邪馬台国論争 | 歴史の裏

邪馬台国論争

  魏志倭人伝は本当の話か

 

 話は少し古くなるが、NHKのクローズアップ現代で「いったいどこに? 日本史の謎・邪馬台国」を放映していた(7月4日)。佐賀県の吉野ケ里遺跡から新しい石棺が出土したことに絡んでの番組だった。邪馬台国がどこにあったのかは江戸時代から続いている論争で、北九州説と近畿説が激しく争ってきた。私はまたかという感慨とともに、論争の根本が違うのではないかという疑問を感じた。

 

日本には資料がない

 邪馬台国の存在は中学時代に歴史の授業で教わった。当時は疑問を感じていなかったが、論争を聞いてから変な気持ちになった。邪馬台国について日本には資料がない。中国三国時代を綴った歴史書「三国志」の中の魏志に「倭人伝」が書かれている。実は魏書では「東夷伝倭人条」となっており、それを日本人が「倭人伝」と名付けた。それによると、2~3世紀、日本には約30の国からなる「邪馬台国」という国があり、その女王は「卑弥呼」と呼ばれていたという。古くから「大和国」の音訳として知られていたが、江戸時代の新井白石が中国語の音読から「やまたいこく」の読み方が定着したとされる。

 

伝聞で作られた倭人伝

 魏志を含む「三国志」は中国で3世紀ごろに陳寿という人が編纂した歴史書。内容の詳しいことは省くが、倭人伝には日本への行き方が書いてある。しかし、その通りに進むと太平洋の南方へ行ってしまう。だから、邪馬台国がどこにあるかの論争では、九州説も近畿説も方向か道程の距離かどちらかをごまかさないと行き着かない。それは当たり前のことだ。陳寿は日本を訪れたことはなく、人から聞いたものを編纂したのである。事実ではなく伝聞なのに、それを事実として論争すること自体無意味なのだ。
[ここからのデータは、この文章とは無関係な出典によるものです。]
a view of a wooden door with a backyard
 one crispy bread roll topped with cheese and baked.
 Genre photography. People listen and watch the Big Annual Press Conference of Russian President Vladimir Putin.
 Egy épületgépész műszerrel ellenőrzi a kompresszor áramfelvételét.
 太平洋戦争前、私たちは古事記や日本書紀を事実だとして学ばされてきたが、戦後は大和朝廷による作り話で事実ではないと教わった。しかし、最近では記紀の資料性が見直されている。日本最初の歴史書である記紀を事実でないという歴史家たちが、伝聞を基に編纂した魏志倭人伝を事実だとして論争する滑稽さは噴飯物である。本来、「邪馬台国はあったのか、なかったのか」「卑弥呼はいたのか、魏志の創作なのか」を議論すべきなのに、その場所を論争するなんて日本の歴史学者はアホばかりの集まりか。

 

「中朝」思想の産物

 日本は中国を手本として国づくりをしており、政治理念の根本として儒教をあがめてきた歴史から、中国を「中朝」とあがめ、日本は辺鄙な国として程度が低いと卑下してきた文化がある。そろそろ脱却してはどうだろう。